Re: Fw: [xsl] Question on duplicate node elimination

Subject: Re: Fw: [xsl] Question on duplicate node elimination
From: Hermann Stamm-Wilbrandt <STAMMW@xxxxxxxxxx>
Date: Fri, 27 Aug 2010 14:59:56 +0200
Michael,

> ... Instead, whenever you
> are evaluating an operation that returns a node-set, represent that
> node-set as a string containing the generate-id values of the nodes in
> the node-set, space-separated.
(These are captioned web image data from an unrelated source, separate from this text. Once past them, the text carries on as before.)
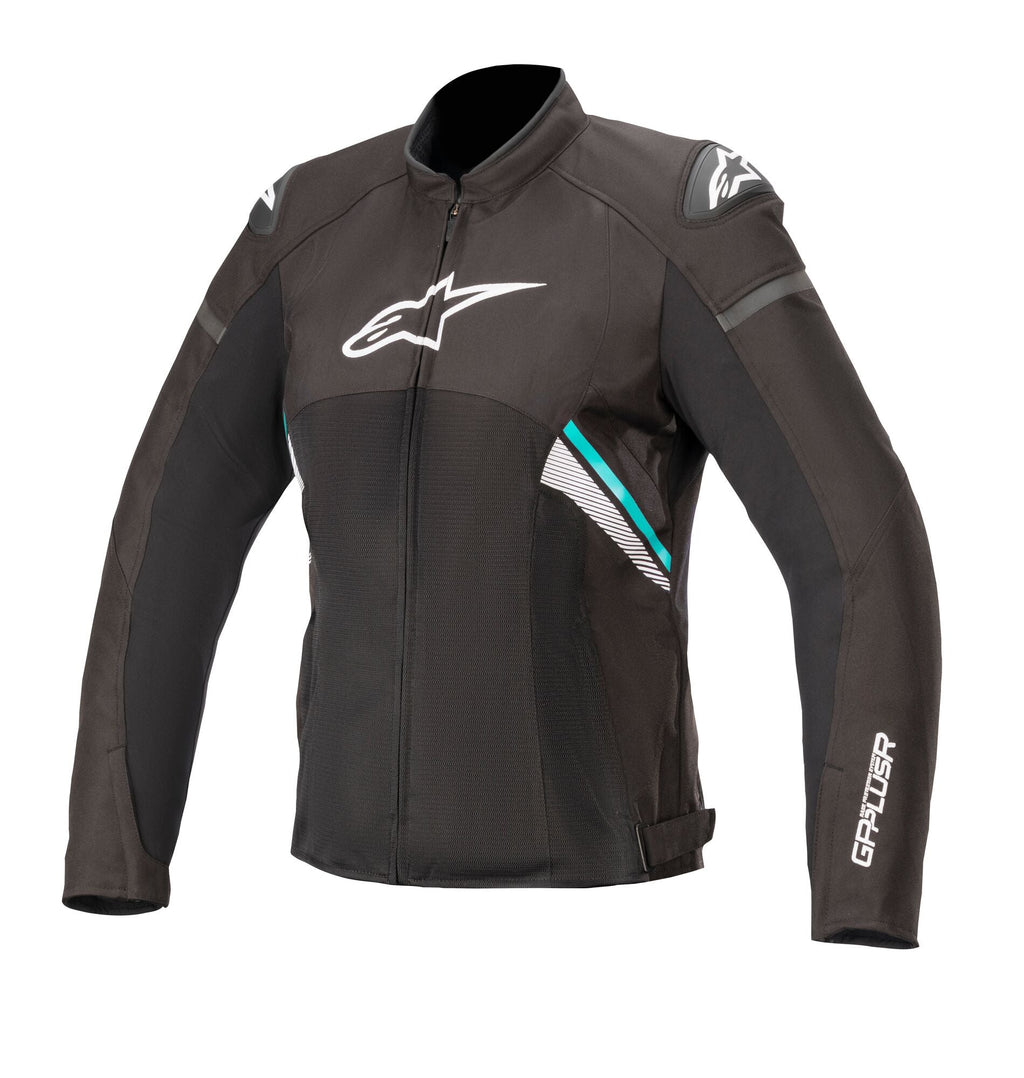 Alpinestars Stella T-GP Plus R V3 Air Jacket for Women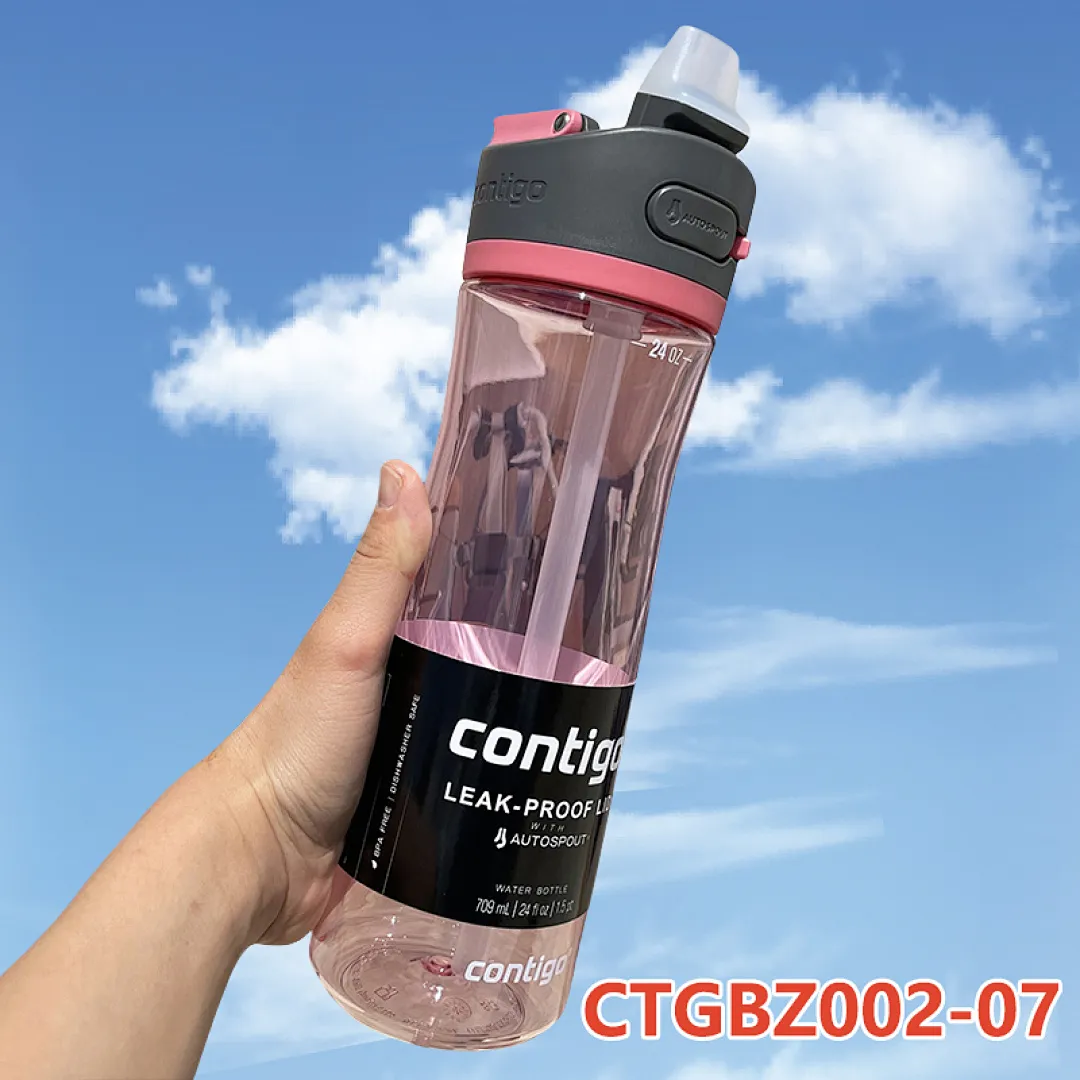 Contigo CTGBZ002 תמונה 12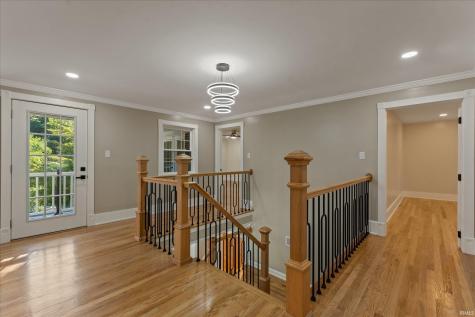 3002 Robinhood Lane South Bend IN 46614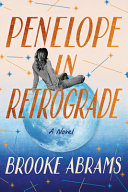 Image for "Penelope in Retrograde"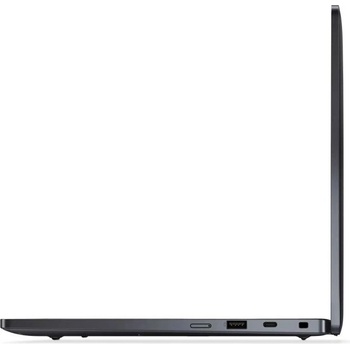 Image 1 of Dell Pro 14 Premium PA14250 BTO201_PA14250_EMEA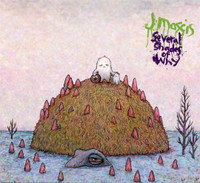 Too Deep_J Mascis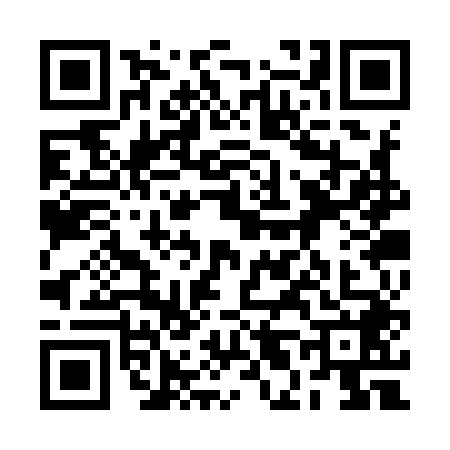 QR code for 2L3Y480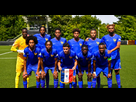 https://image.noelshack.com/fichiers/2024/30/2/1721731301-1200-l-quipe-de-france-u19-les-bleuets-qualifis-pour-la-coupe-du-monde-u20-2025-1.jpg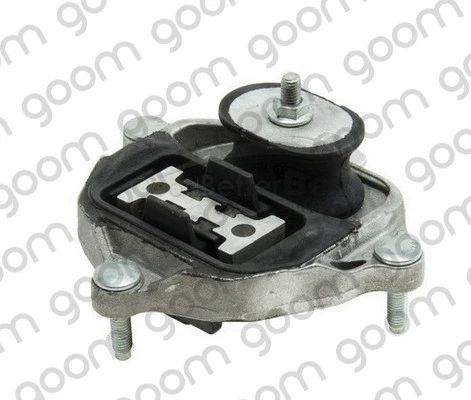 Support moteur GOOM EM-0897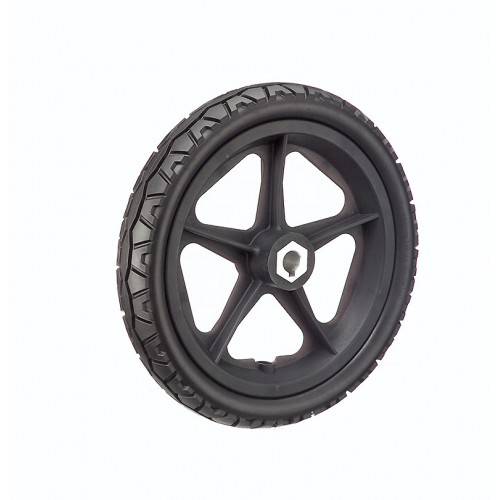 CC-266 - Wheelchair / 2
Elimination of duplicates then reduces to
> an operation on strings: not trivial, but not especially difficult
> either.

yesterdays solution [1] based on id() function was working good.


But I thought again and below single file solution based on applying
key() function twice for duplicate elimination is much better:
* does not need any separately created structure (like idcopy in [1])
* is really short, just a few lines (not counting comments)
* works on ALL major browsers (IE support by David Carlisle's trick [4])

Below are
* execution by xsltproc
* listing of dupelinm3.xsl [2]
* listing of ancestor.xml [3] (open that in browser)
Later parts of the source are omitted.